— What you need to do —
Two lines in the data below mark the range: the one with "size; colors are subdued" and the one with "cloud software and then renamed in CAD". Return both, along with every line between them, exactly.

— Input records —
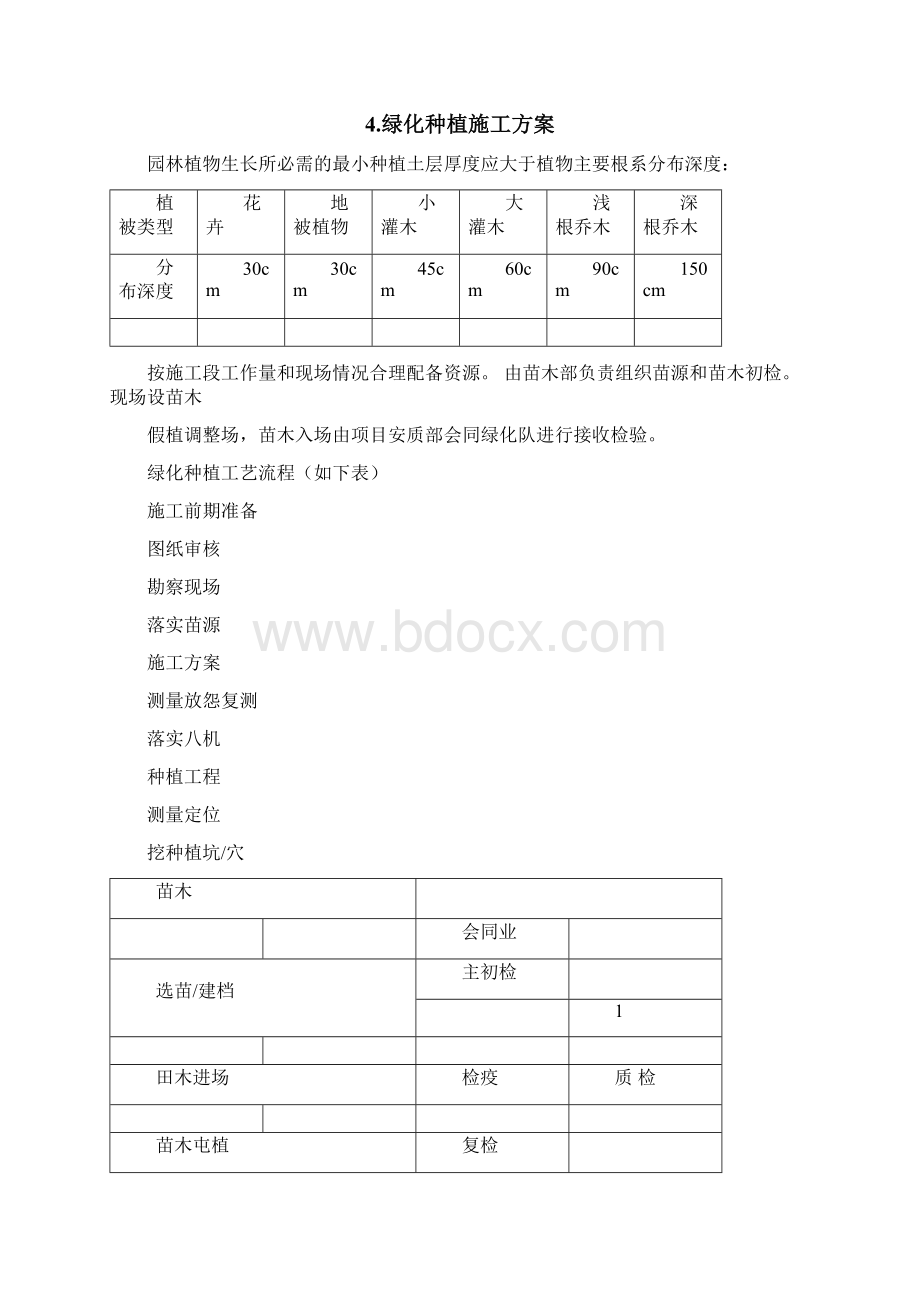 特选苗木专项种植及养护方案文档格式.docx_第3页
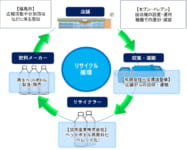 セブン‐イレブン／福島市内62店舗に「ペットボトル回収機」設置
* * *
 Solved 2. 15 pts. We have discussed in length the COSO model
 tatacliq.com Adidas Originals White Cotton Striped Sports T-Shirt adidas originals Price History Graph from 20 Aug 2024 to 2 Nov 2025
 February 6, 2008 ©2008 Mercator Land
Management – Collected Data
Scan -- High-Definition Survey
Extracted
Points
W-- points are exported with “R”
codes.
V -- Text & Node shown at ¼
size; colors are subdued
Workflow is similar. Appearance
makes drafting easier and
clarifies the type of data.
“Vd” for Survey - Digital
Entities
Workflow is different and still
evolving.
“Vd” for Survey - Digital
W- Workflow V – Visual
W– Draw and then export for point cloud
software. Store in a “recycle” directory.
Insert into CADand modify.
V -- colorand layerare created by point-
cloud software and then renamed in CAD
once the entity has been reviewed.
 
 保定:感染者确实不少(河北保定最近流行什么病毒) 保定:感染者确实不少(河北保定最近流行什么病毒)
* * *
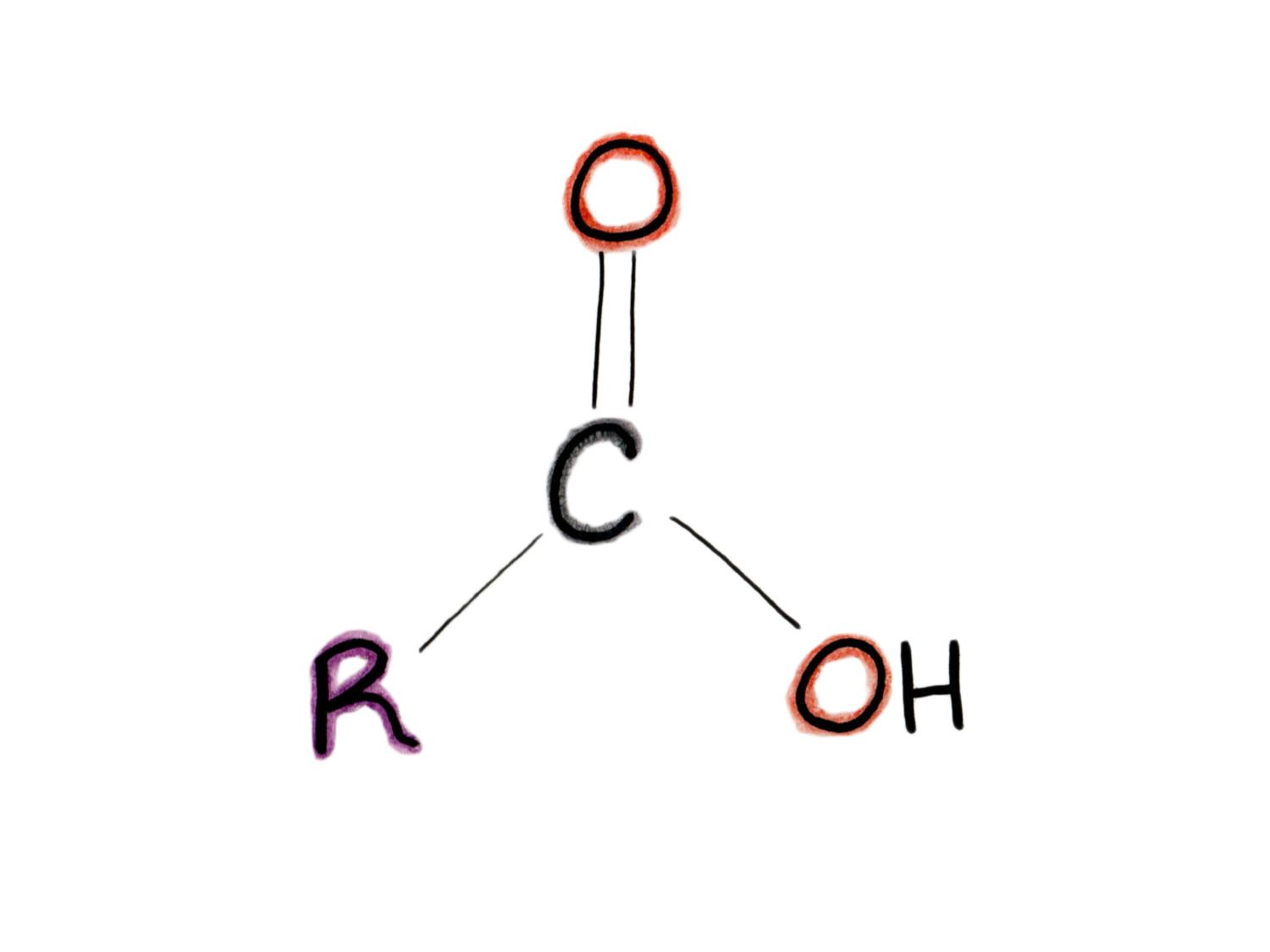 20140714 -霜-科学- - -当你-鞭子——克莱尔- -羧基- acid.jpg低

— Your response —
size; colors are subdued
Workflow is similar. Appearance
makes drafting easier and
clarifies the type of data.
“Vd” for Survey - Digital
Entities
Workflow is different and still
evolving.
“Vd” for Survey - Digital
W- Workflow V – Visual
W– Draw and then export for point cloud
software. Store in a “recycle” directory.
Insert into CADand modify.
V -- colorand layerare created by point-
cloud software and then renamed in CAD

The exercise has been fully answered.